> _THE PROBLEM_: Quote the whole listing word for word. Do not include the pictures.

> _SUPPLIED INFORMATION_:
----

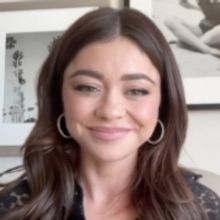 Video: Adam Devine & Sarah Hyland Discuss Reuniting in PITCH PERFECT: BUMPER IN BERLI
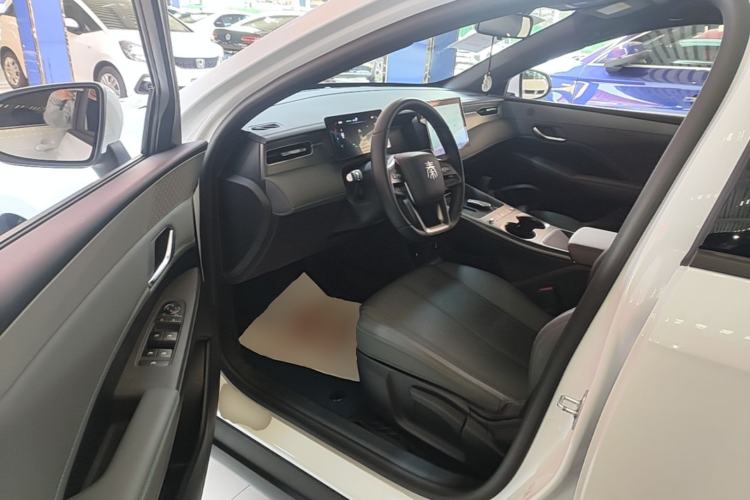 Used BYD Qin PLUS  Driver Seat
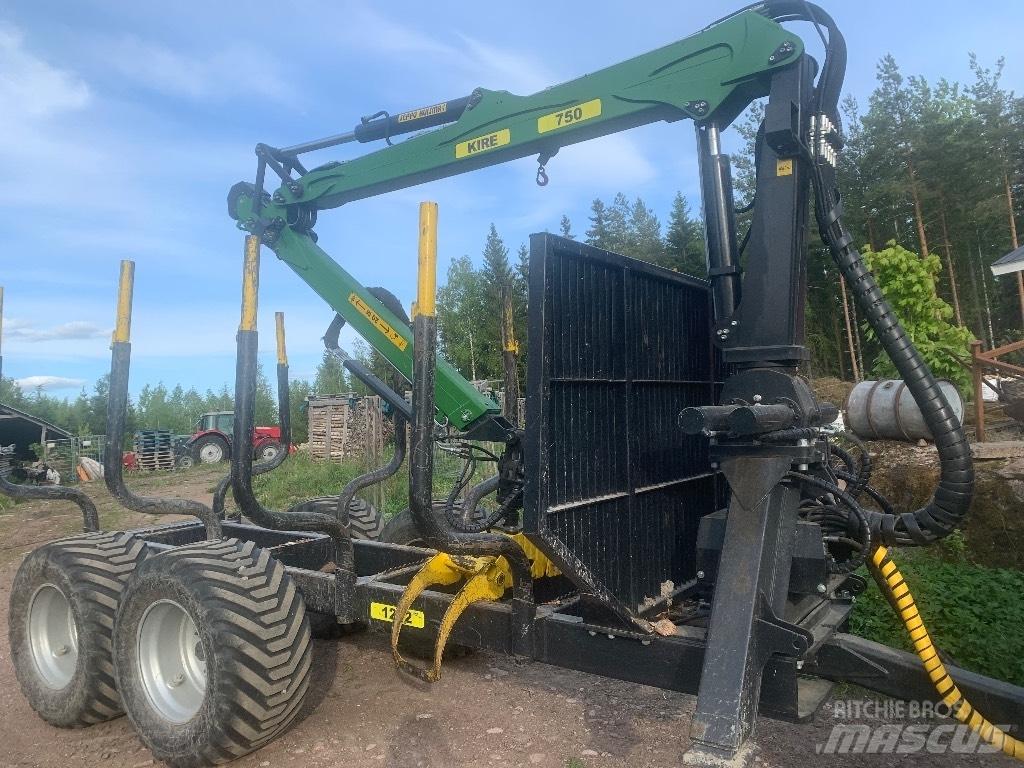 Kire 750 Крани-навантажувачі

----

> _WRITTEN RESPONSE_:
 Video: Adam Devine & Sarah Hyland Discuss Reuniting in PITCH PERFECT: BUMPER IN BERLI
 Used BYD Qin PLUS  Driver Seat
 Kire 750 Крани-навантажувачі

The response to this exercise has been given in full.